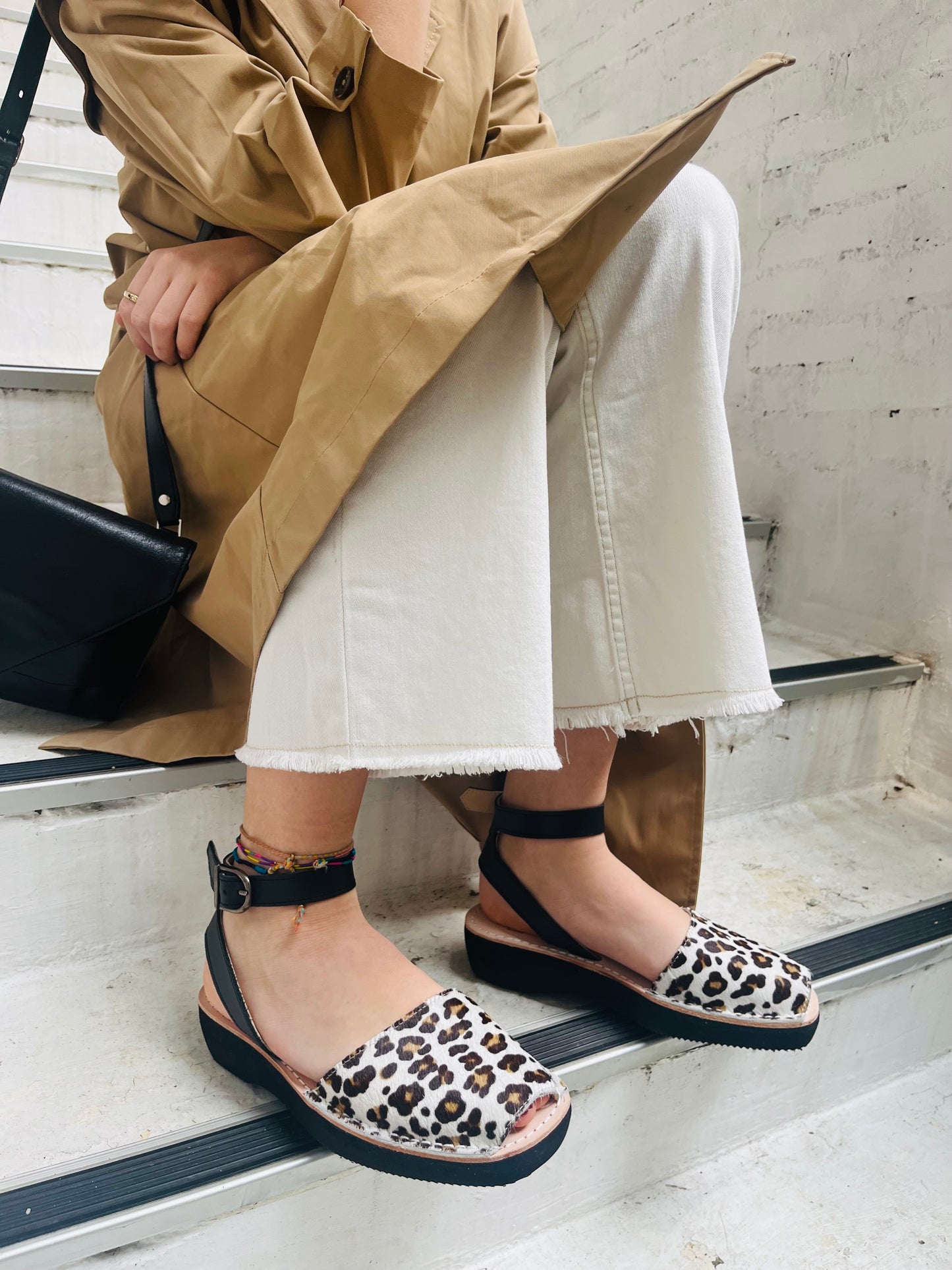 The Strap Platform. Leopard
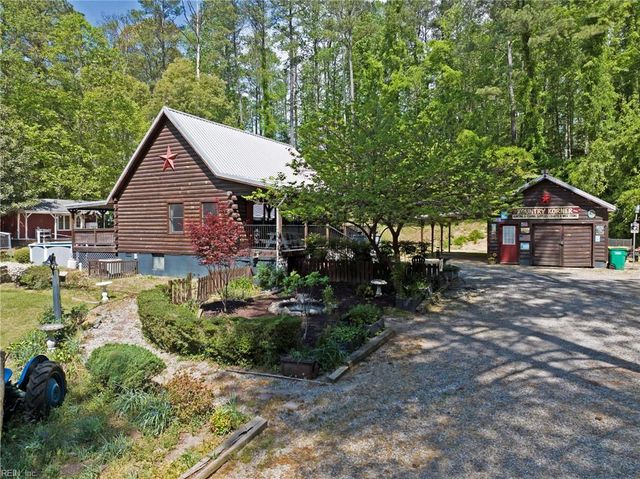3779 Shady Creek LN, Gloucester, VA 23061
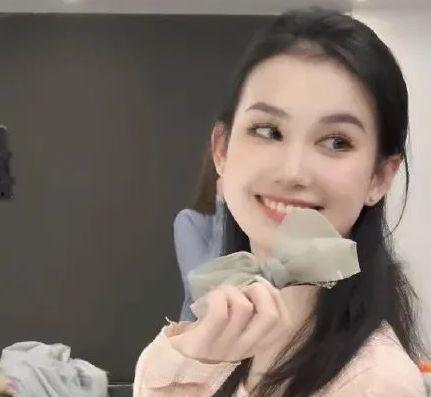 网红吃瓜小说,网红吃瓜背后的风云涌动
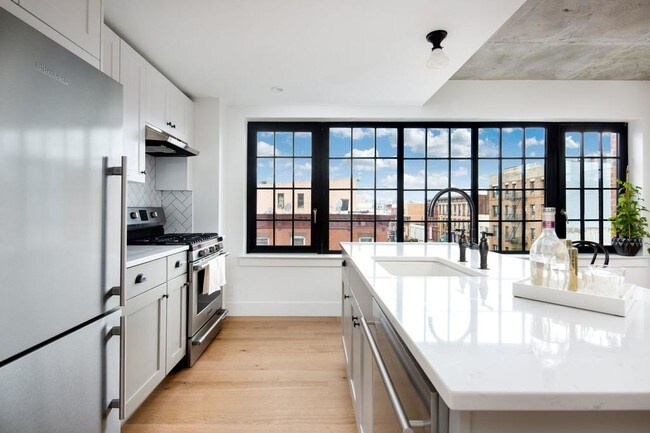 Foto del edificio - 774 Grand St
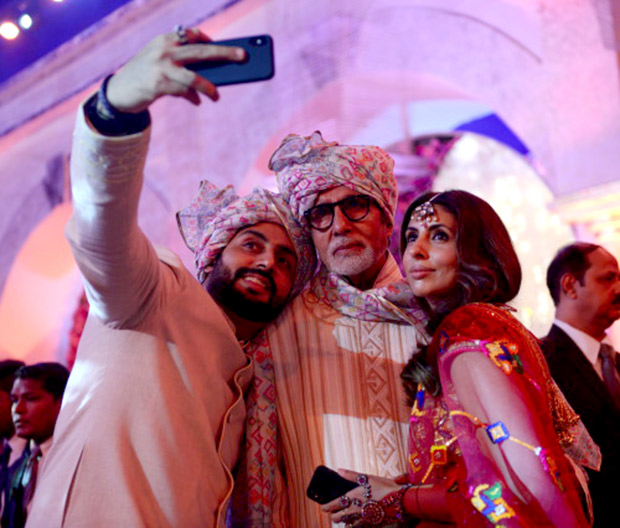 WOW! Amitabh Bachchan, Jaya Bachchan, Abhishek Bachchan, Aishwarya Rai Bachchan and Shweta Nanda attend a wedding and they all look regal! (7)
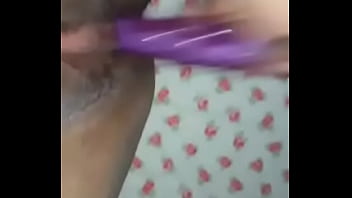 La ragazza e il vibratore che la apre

-.-.-

Without carrying over any picture, write out the entries above once more, exactly.

 The Strap Platform. Leopard
3779 Shady Creek LN, Gloucester, VA 23061
 网红吃瓜小说,网红吃瓜背后的风云涌动
 Foto del edificio - 774 Grand St
 WOW! Amitabh Bachchan, Jaya Bachchan, Abhishek Bachchan, Aishwarya Rai Bachchan and Shweta Nanda attend a wedding and they all look regal! (7)
 La ragazza e il vibratore che la apre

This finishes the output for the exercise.